A = [f"A{i}" for i in range(50)]  
B = [f"B{i}" for i in range(50)]  
C = [f"C{i}" for i in range(50)]

for i in A:
 cond_A = (df[i]>= -0.0423) & (df[i]<=3)  
 filt_df = df[cond_A]
for i in B:
 cond_B = (filt_df[i]>= 15) & (filt_df[i]<=20)  
 filt_df2 = filt_df[cond_B]
for i in C:
 cond_C = (filt_df2[i]>= 15) & (filt_df2[i]<=20)
 filt_df3 = filt_df2[cond_B]
  1. When I print filt_df3, I am getting only an empty dataframe - why?
  2. How can I improve the code, other approaches like some advanced techniques?
  3. I am not sure the code above works as outlined in the edit below?
  4. I would like to know how can I change the code, such that it works as outlined in the edit below?

Edit:

  1. I want to remove the rows based on columns (A0 - A49) based on cond_A.
  2. Then filter the dataframe from 1 based on columns (B0 - B49) with cond_B.
  3. Then filter the dataframe from 2 based on columns (C0 - C49) with cond_C.

Thank you very much in advance.

Timus
  • 10,974
  • 5
  • 14
  • 28
mathew
  • 59
  • 6
  • please add a sample dataframe that makes the code work and easy to replicate. with the current code `df` is not defined. https://stackoverflow.com/help/minimal-reproducible-example – D.L Mar 23 '22 at 11:24
  • **1.** `df[i]>= -0,0423` should be `df[i]>= -0.0423` (decimal place with a dot, not a comma). **2.** Create a smaller version of your dataframe, like with 3 A's, 3 B's and 3 C's; instead of 50 of each. **3.** `filt_df = df[cond_A]` is inside the loop so will only ever hold the last filter result, so A49. Similarly for B49 and C49 in the next two loops. Your result is probably empty because column C49 doesn't have any rows that match from the previous B49, and for that, from the previous A49. **4. Explain in words** what you're trying to do because the logic of the code is unclear. – aneroid Mar 23 '22 at 11:26
  • @aneroid I have added a section Edit.I think now it's clear for you. – mathew Mar 24 '22 at 09:02
  • Okay, so what that actually means is: you want to filter all columns at the same time using one set of conditions for all the A* cols, then another for B* cols and another for C*. Next step: Create a smaller version of your dataframe, like with 3 A's, 3 B's and 3 C's; instead of 50 of each.
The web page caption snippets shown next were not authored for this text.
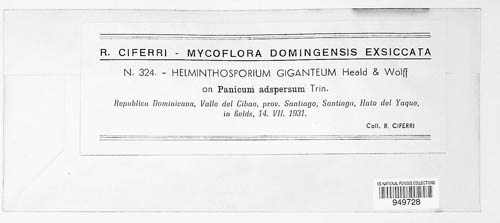 Bipolaris gigantea image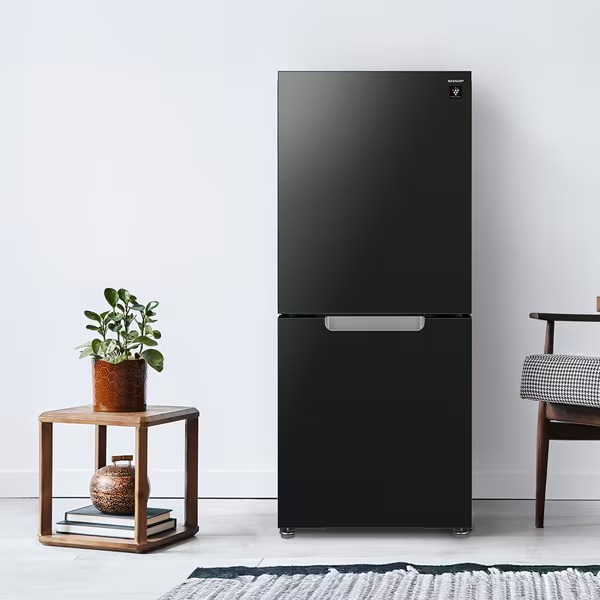 SHARP（シャープ） [予約 約2-3週間以降]冷蔵庫 SHARP 152L 幅49.5cm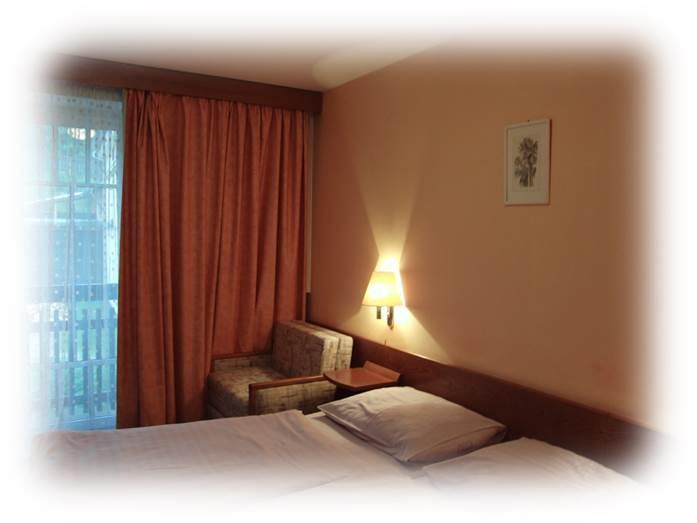 Hotel Prom Svoboda nad Úpou Camera foto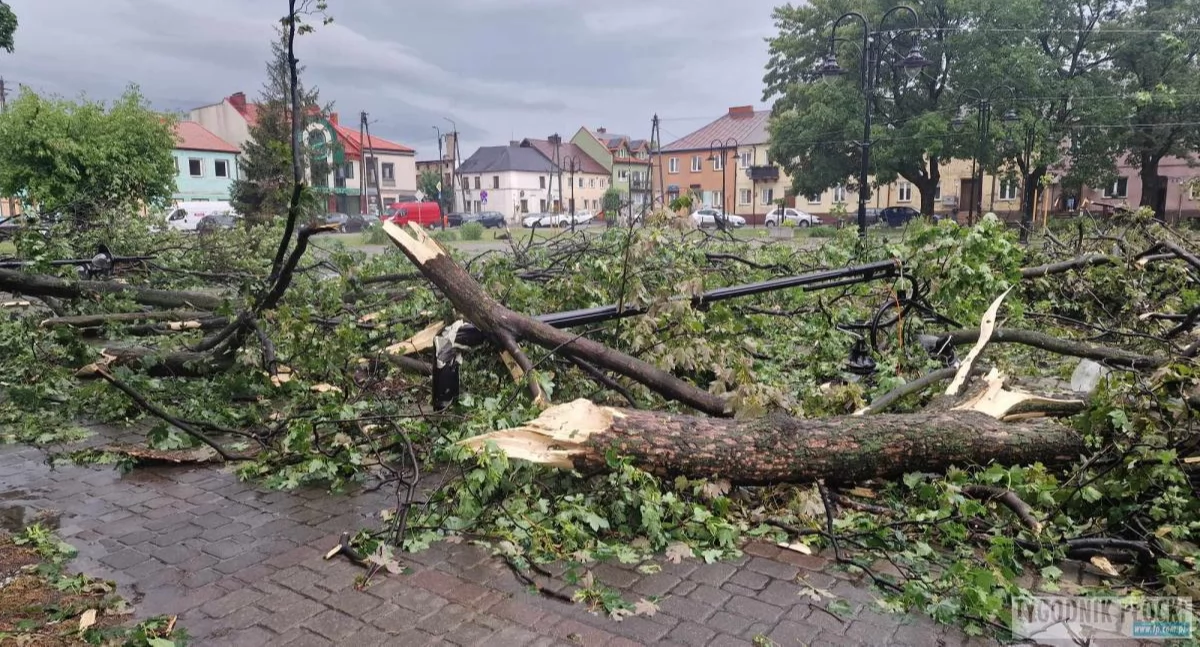 Krajobraz po nawałnicy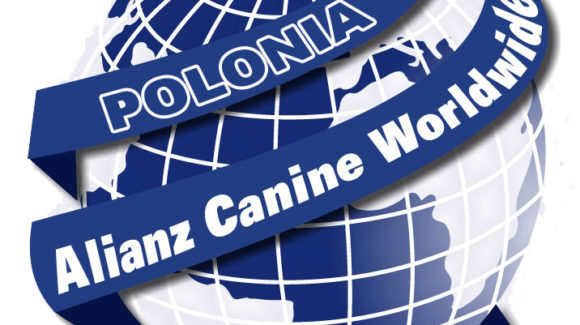 Alianz en Polonia Alianz en Polonia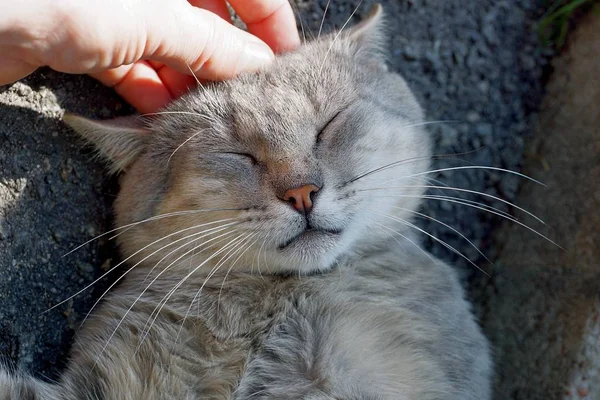 Palce Głaskanie Głowy Szary Kot Piękny — Zdjęcie stockowe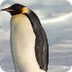 Penguins Index: The Animal Fil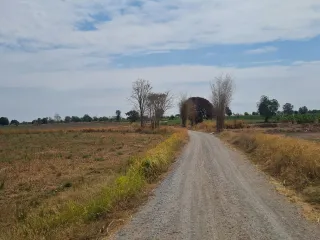 For sale land in Dan Khun Thot, Nakhon Ratchasima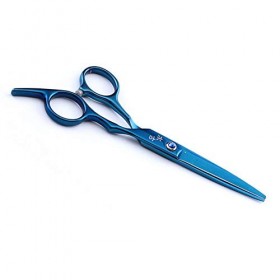 Ciseaux De Coiffure Professionnels Parfaits pour Salon De Coiffure, Coiffeur Coiffeur Et Usage Domestique pour Couper Votre B...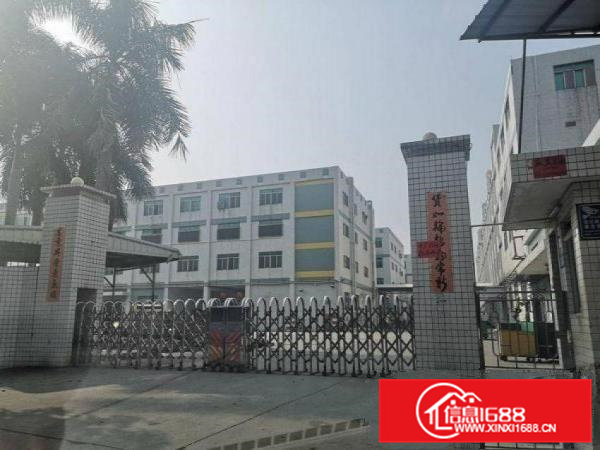 水边新出原房东楼上650平方带精装修招租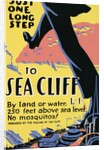 Just one long step to Sea Cliff by Anonymous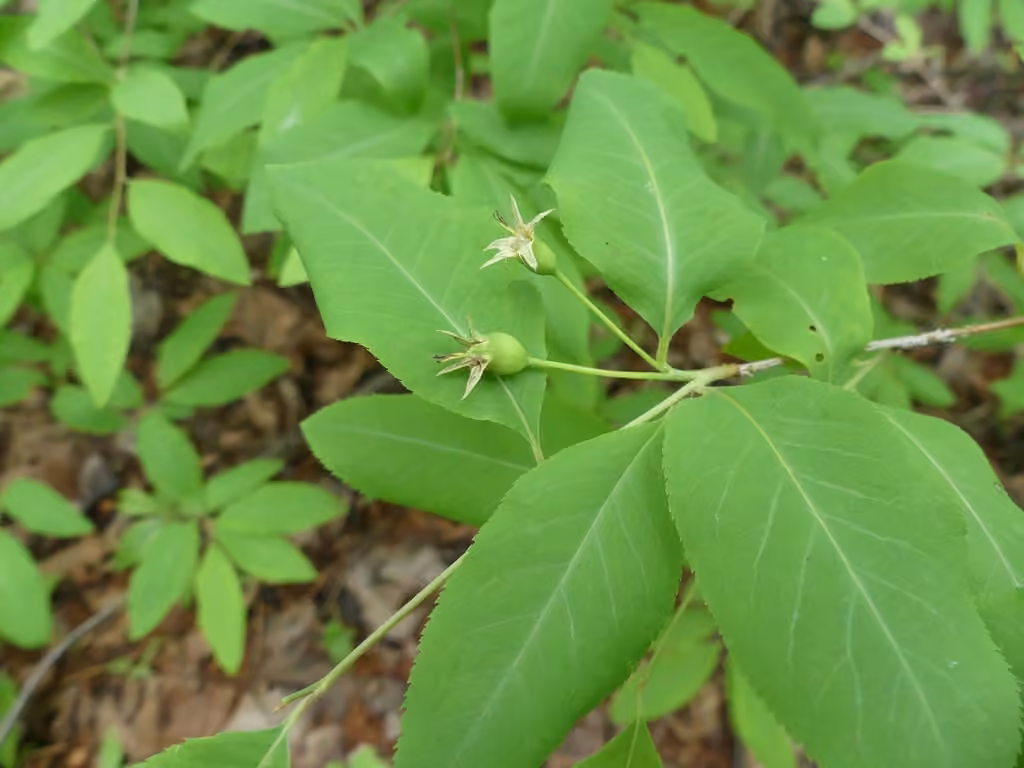 Mountain serviceberry, In fruit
Use `df.head(10).to_clipboard(excel=False)` to copy the first 10 rows of your dataframe to clipboard (as text) which you can then paste into your question. Read this post on [how to provide a **good pandas example**](http://stackoverflow.com/q/20109391). – aneroid Mar 24 '22 at 09:59
  • As has been pointed out: As long as the conditions should be used in _conjunction_ the result on the sample you've provided is an empty dataframe because at least one column doesn't satisfy it (e.g. A1). So do you actually want that - or do you want a _disjunction_? – Timus Mar 24 '22 at 20:57

3 Answers3

1

It seems to me that there is an issue with your codes when you are using the iteration to do the filtering. For example, filt_df is being overwritten in every iteration of the first loop. When the loop ends, filt_df only contains the data filtered with the conditions set in the last iteration. Is this what you intend to do?

And if you want to do the filtering efficient, you can try to use pandas.DataFrame.query (see documentation here). For example, if you want to filter out all rows with column B0 to B49 containing values between 0 and 200 inclusive, you can try to use the Python codes below (assuming that you have imported the raw data in the variable df below).

condition_list = [f'B{i} >= 0 & B{i} <= 200' for i in range(50)]
filter_str = ' & '.join(condition_list)
subset_df = df.query(filter_str)
print(subset_df)
Timus
  • 10,974
  • 5
  • 14
  • 28
starklikos
  • 154
  • 1
  • 1
  • 8
  • the asnwer to the question is No.I want to look into A0 to A49 whether it has values between -0.0423 and 3.All other rows must be filtered out. – mathew Mar 23 '22 at 15:50
  • I am getting an error in this line: subset_df = df.query(filter_str) ,ValueError: too many inputs – mathew Mar 24 '22 at 07:59
0

Since the column A1 contains only -0.057 which is outside [-0.0423, 3] everything gets filtered out.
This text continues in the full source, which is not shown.